BackJapanese Colonialism and the Governance of Images

Theme Description

With the commercial success of the gelatin dry plate in the West in the 1870s, the dry plate gradually came to replace the wet plate in photography. This new photographic technology produced a separation between the exposing of film and the developing of photographs. Exposure time was also reduced to around one second. Following the daguerreotype of the 1830s-40s and wet-collodion process of the 1850s-60s, the gelatin silver plate came as a third generation of advances in photographic technologies. A further development was Edward Muybridge’s photographs of movement through fast sequential shuttering, a necessary precondition for the development of his zoopraxiscope, a forerunner to the motion picture. It was with gelatin dry plate photography that George Eastman’s camera company was able to grow. Not only did Eastman’s company hold the patent to the dry plate, but it also invented the film roll in 1894. With the advertising slogan, “You press the button, we do the rest,” Eastman promoted cheap, handheld cameras. This led to his establishment of the Kodak Company in 1892. With the development of the half-tone photographic printing techniques, photographs for the first time began to be extensively used in mass media. For the general public, photography has always been parts of visual expression and memory ever since.

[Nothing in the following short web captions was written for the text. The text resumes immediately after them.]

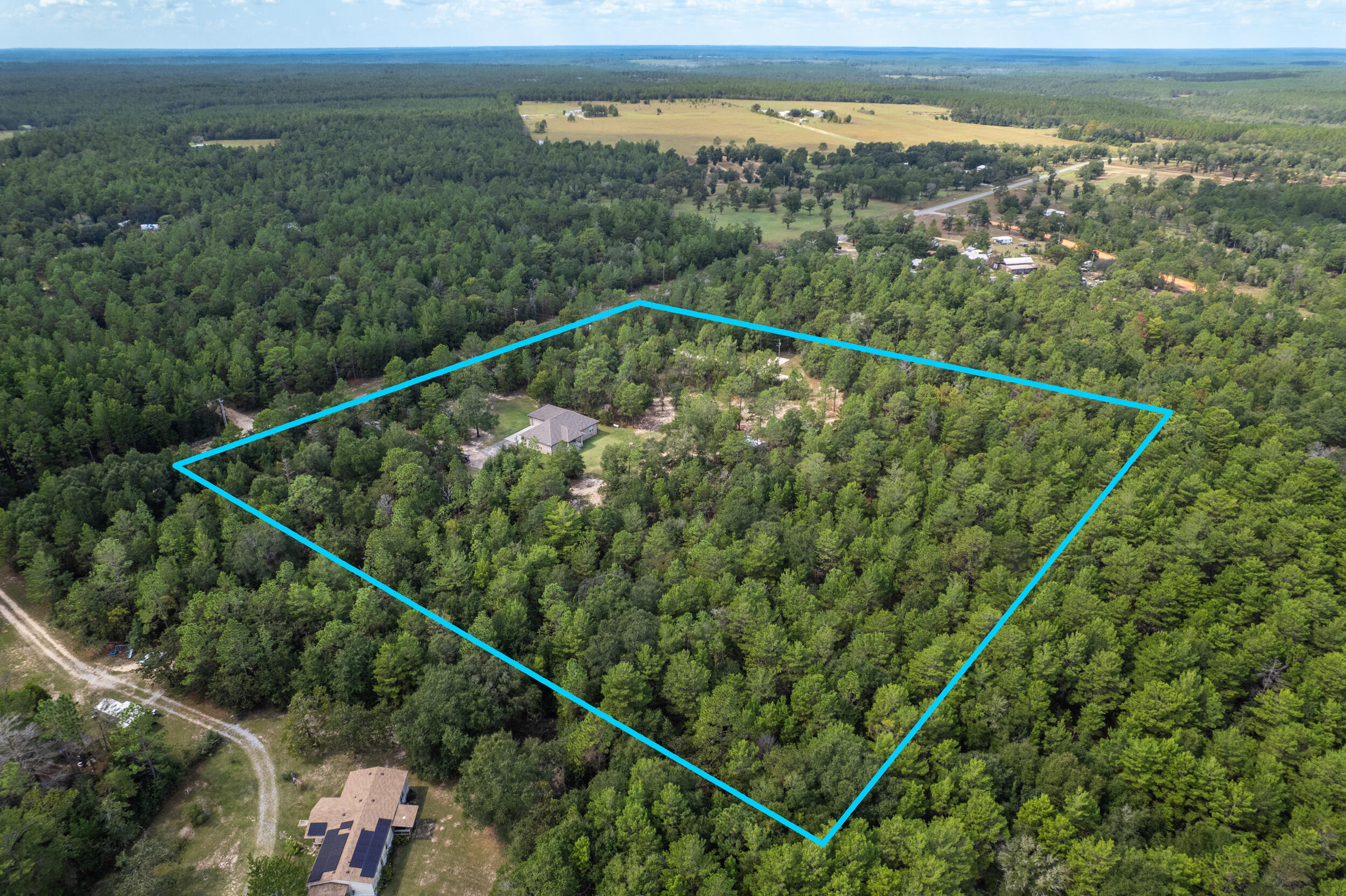 768 Long Road DeFuniak Springs, FL 32433 - Photo 86 of 106 768 long rd-defuniak springs-90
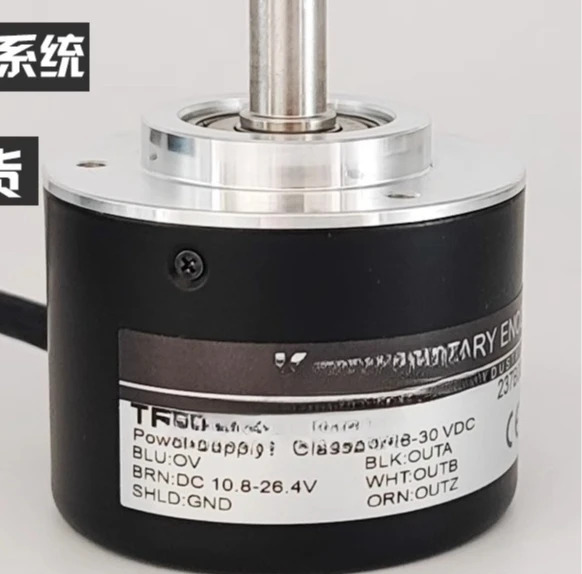 Transencoder TRD-N2000-RZ 시리즈 자동차 검사/길이 측정/각도 측정부품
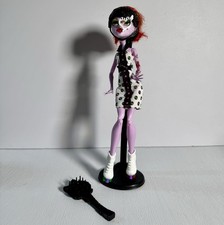 Monster high skultimate for sale  COLWYN BAY
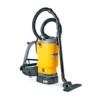 Aspirapolvere professionale a spalla T1 BC Lithium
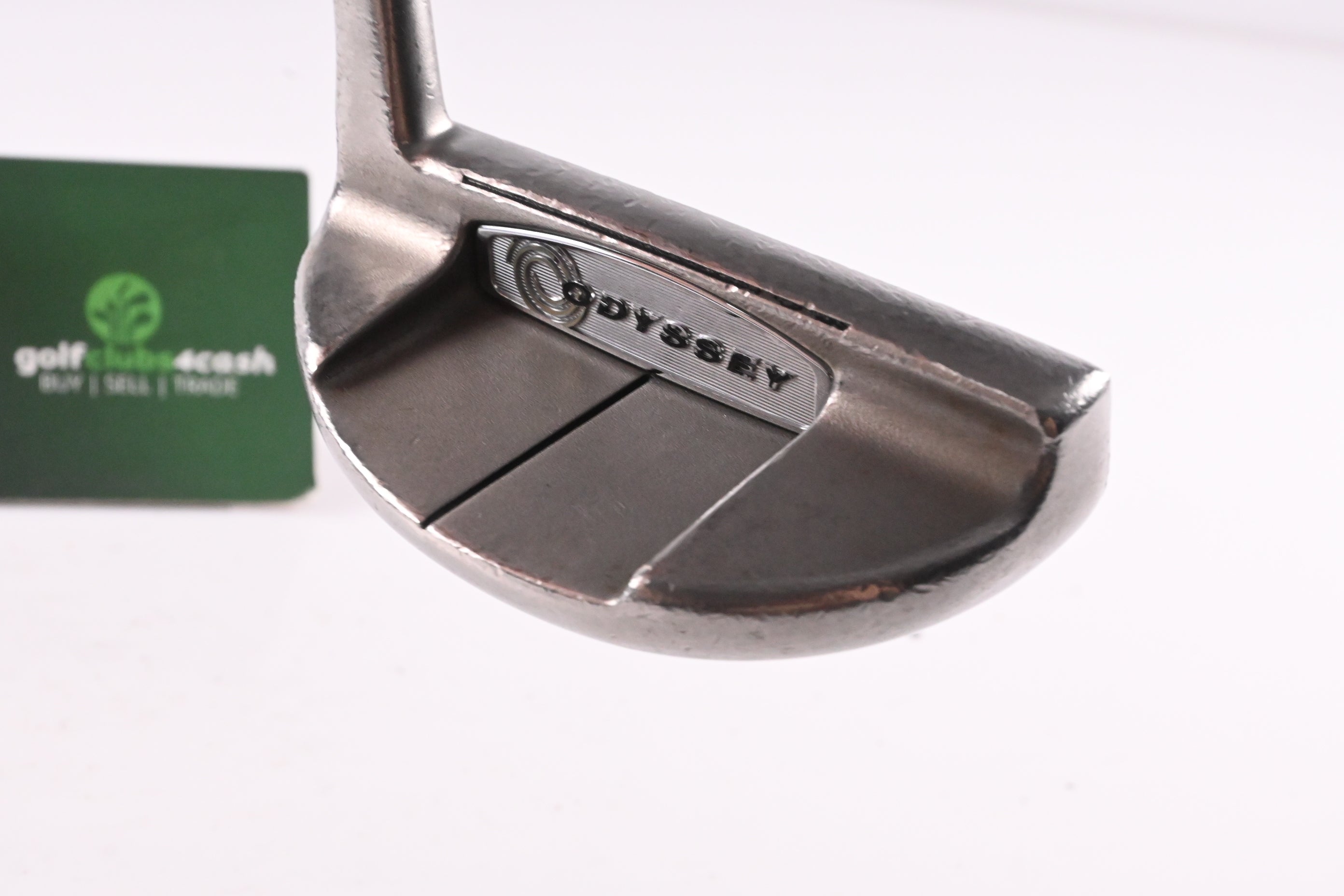 Odyssey White Hot XG #9 Putter / 33 Inch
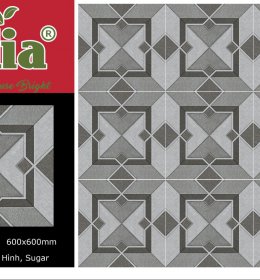 CVG6009- ĐỊNH HÌNH- SUGAR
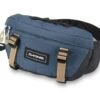 Dakine Hot Laps Hip Pack (Midnight Blue) (1L)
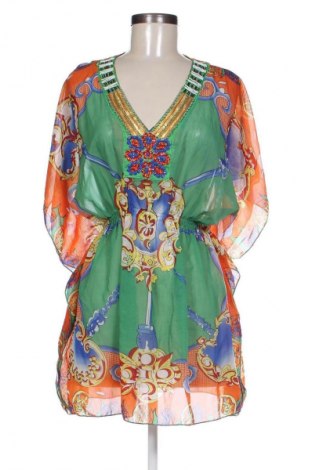 Kleid Best-Emilie, Größe M, Farbe Mehrfarbig, Preis € 27,70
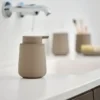 Zone Denmark Nova One Sæbedispenser 0,25 liter Taupe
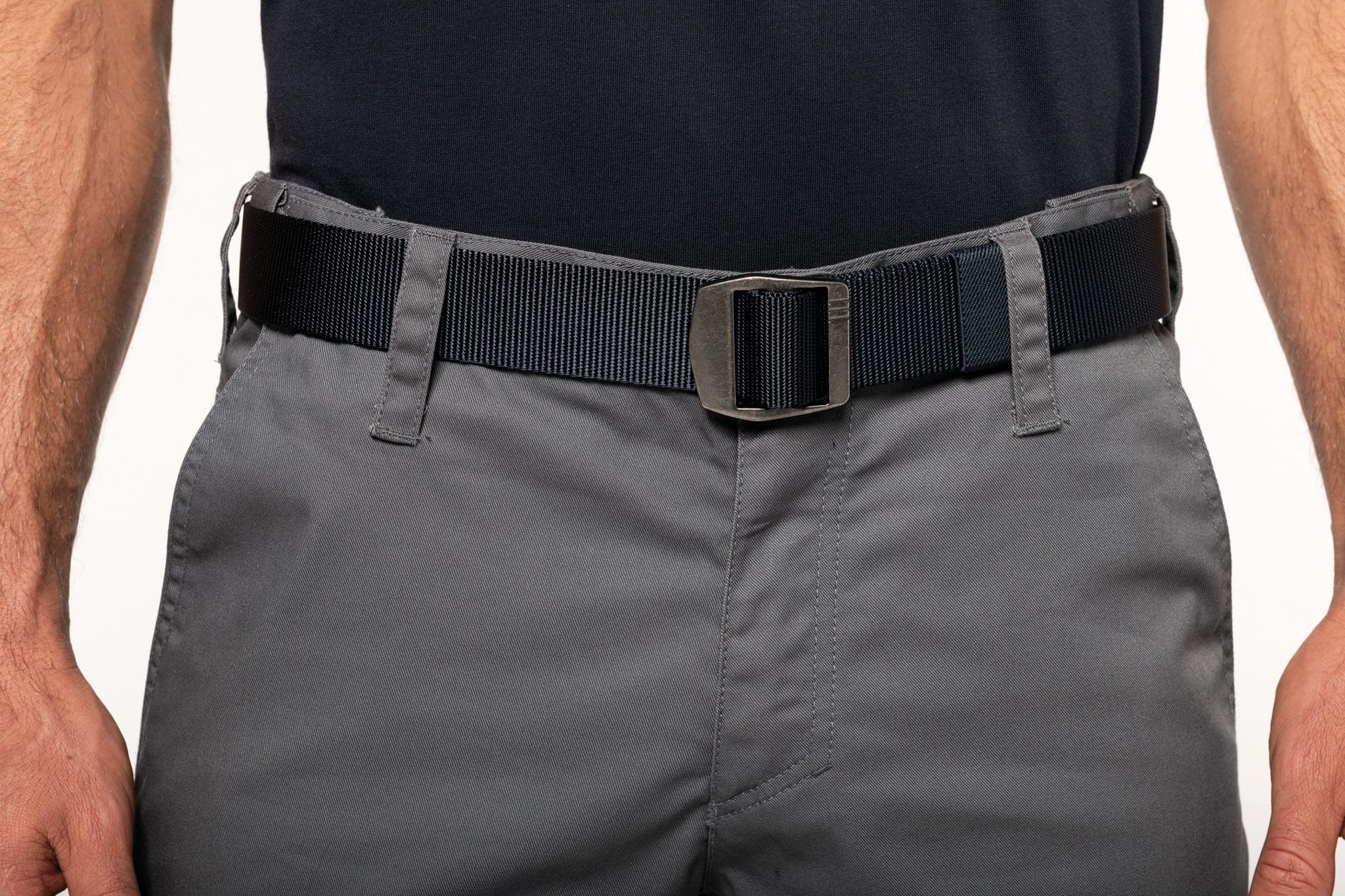 Visuel Ceinture ajustable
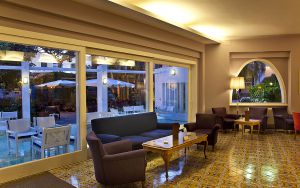 L\\\'Albergo della Regina Isabella Hotel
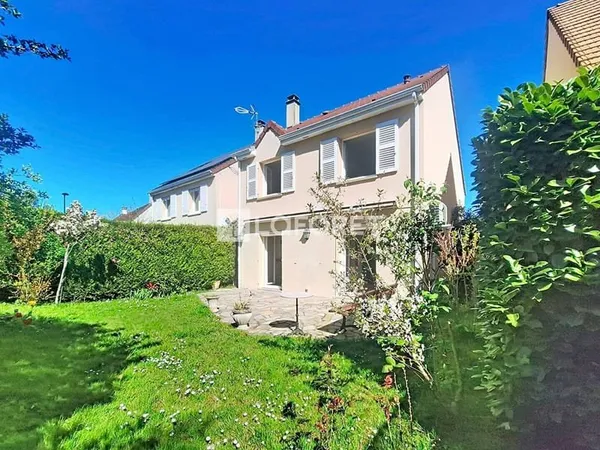 Maison 5 pièces 90 m²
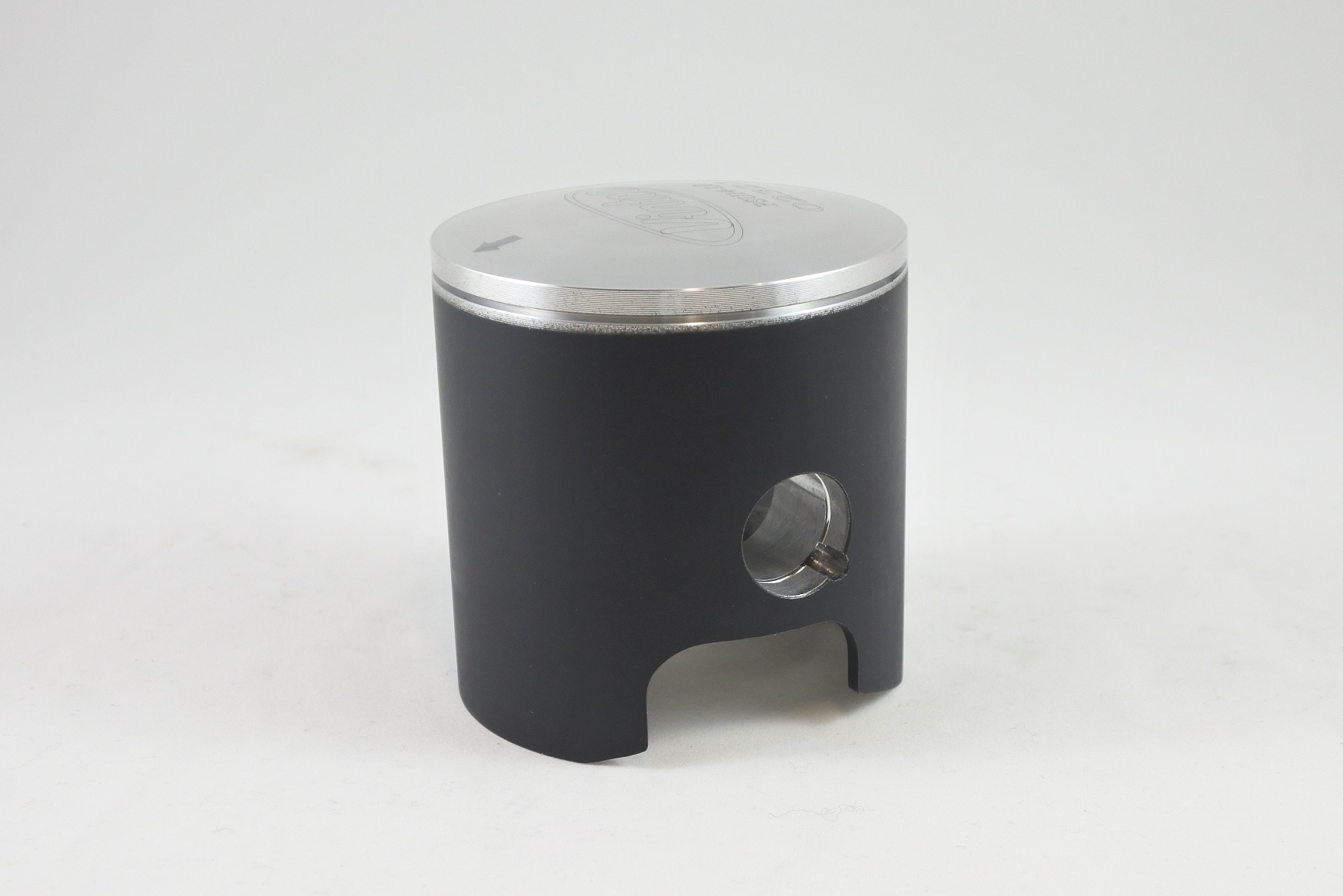 PISTON KIT 66-73 HUSQVARNA CR WR 250 70.5mm 1.0mm OVER VINTCO PSU14-1.0 thumbnail 3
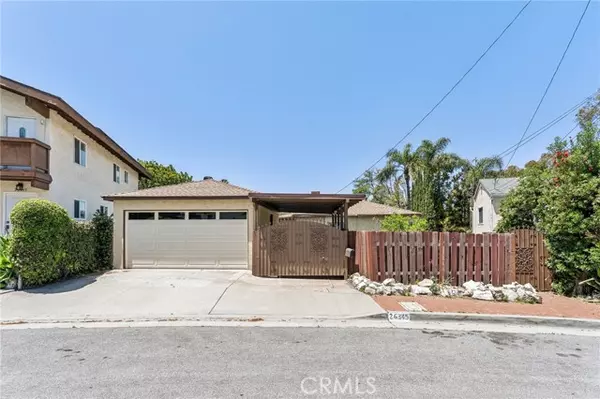 26345 Hillcrest Avenue, Lomita, CA 90717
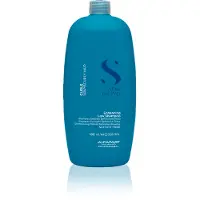 Alfaparf Milano Semi Di Lino Curls Enhancing Low Shampoo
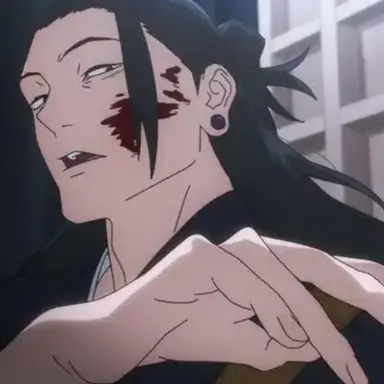 Profile image of 夏油傑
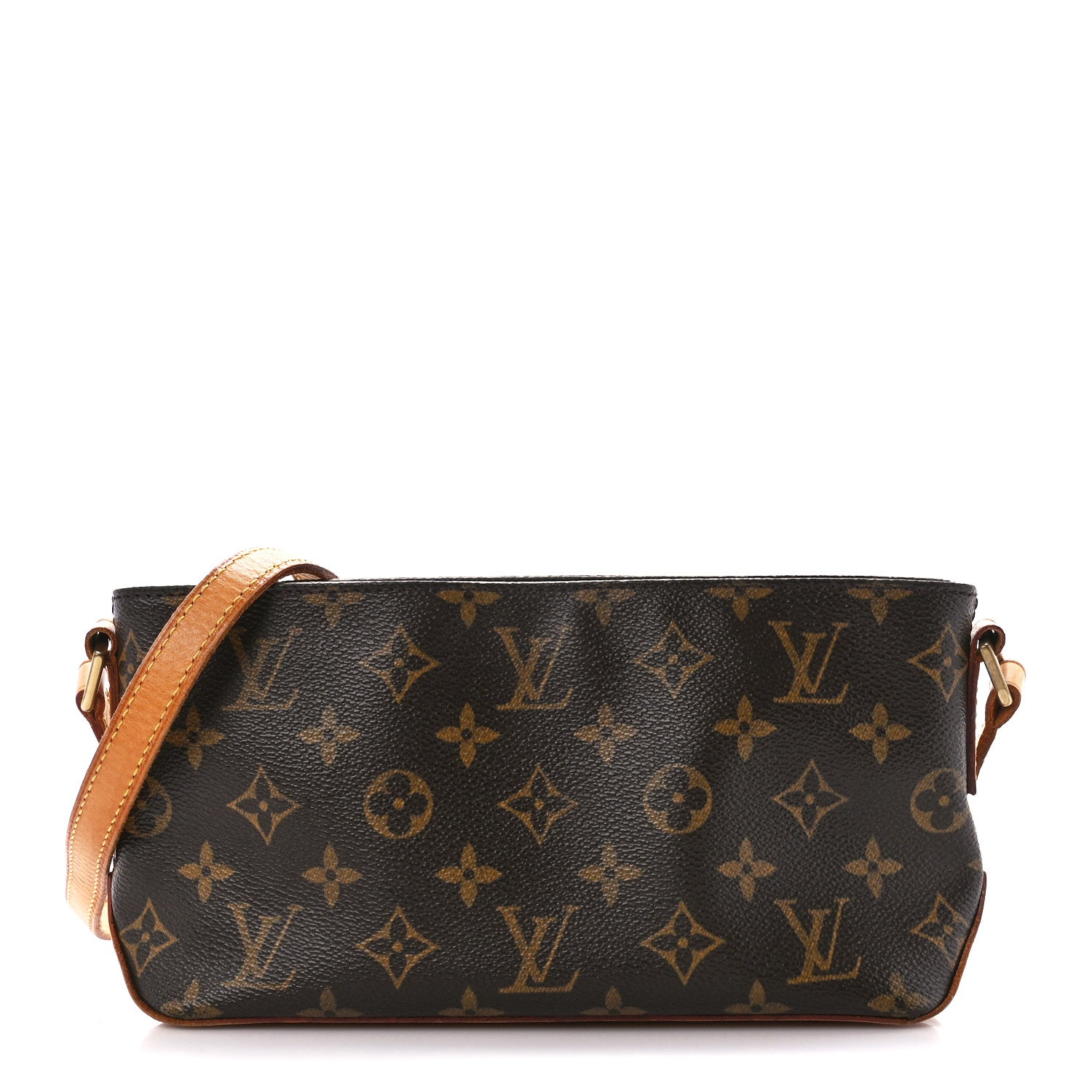 Louis Vuitton Monogram Trotteur 1 of 12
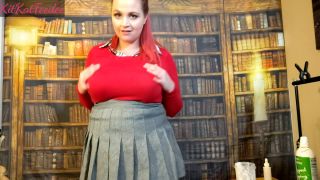 porn video 32 fetish island femdom porn | KinkyCurvyKat – Nymphodora Tits Breast Expansion | joi games-8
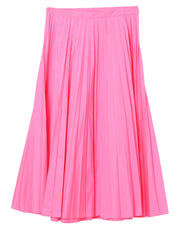 Valentino Garavani Women's Wrap Midi Skirt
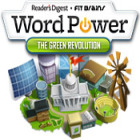 Jogo Word Power: The Green Revolution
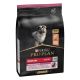 Purina Pro Plan Medium Puppy Peau Sensible Riche en Saumon (3 kg)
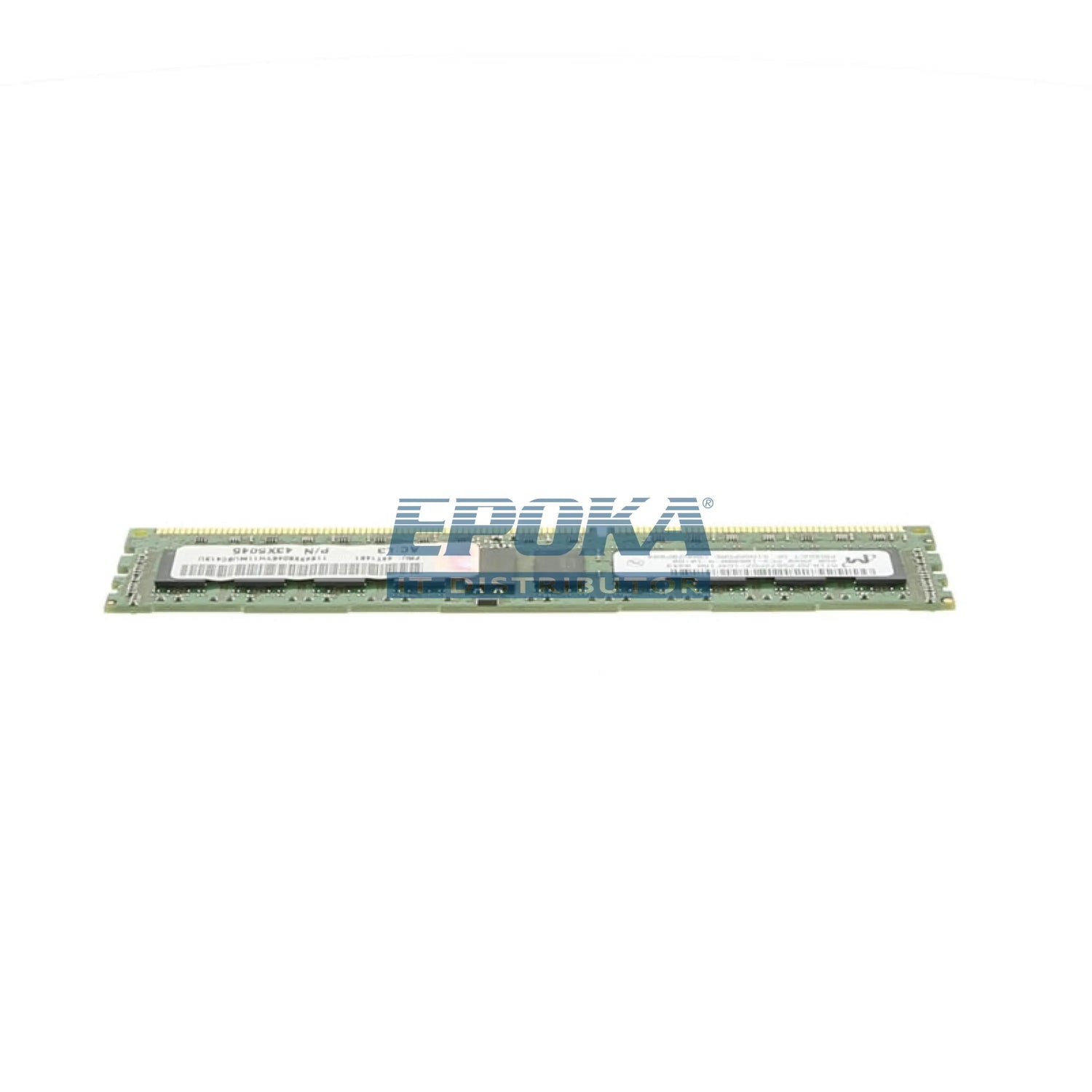 IBM 44T1491 IBM 2GB 1333MHz PC3-10600 DDR3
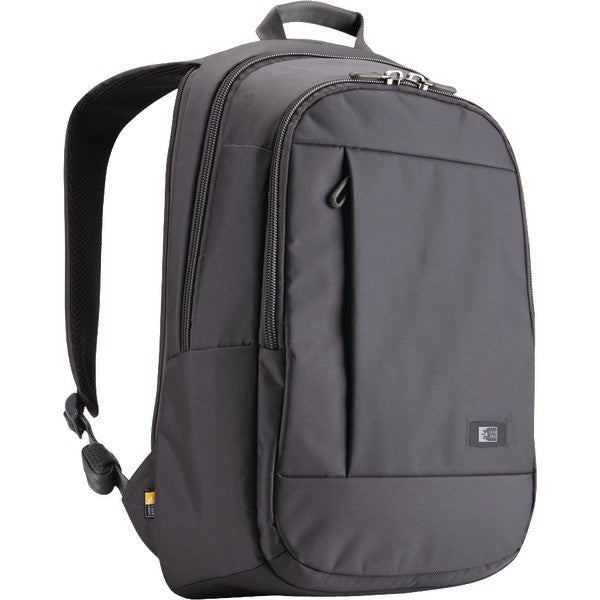 Case Logic Mlbp-115gry 15.6" Notebook Backpack (gray)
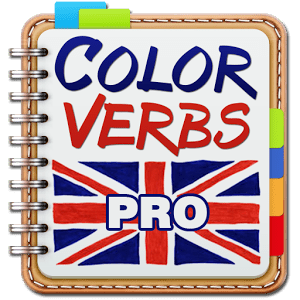 English Irregular Verbs PRO v3.7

Third-generation photography entered Taiwan during the Japanese colonial period. Matsuzaki Shinji took photos of events of military significance, in 1896, Ogawa Kazumasa published Souvenirs de Formose et des Îles Pescadores. The Japanese translated “photography” by inventing a new word “shashin”, literally “writing reality”, which connoted the sinicized aesthetics of portraiture from the Taika Reforms of the 7th century.

During the period, state regulation and control of images could be observed in photos, portraits, paintings, postcards, and the official decrees of the Japanese government. These practices were techniques of control that had developed after the Meiji Restoration and had become the ideal method to practice the theory of Datsu-A Ron (Leaving Asia for Europe). We can clearly see how an image of the “colonized” was constructed through the colonial administrative system through the visual governance. Therefore an image also preserved the trace of powers as an archive. In other words, these images offer proof of the existence of the colonized and also provide the return gaze of the colonized subject.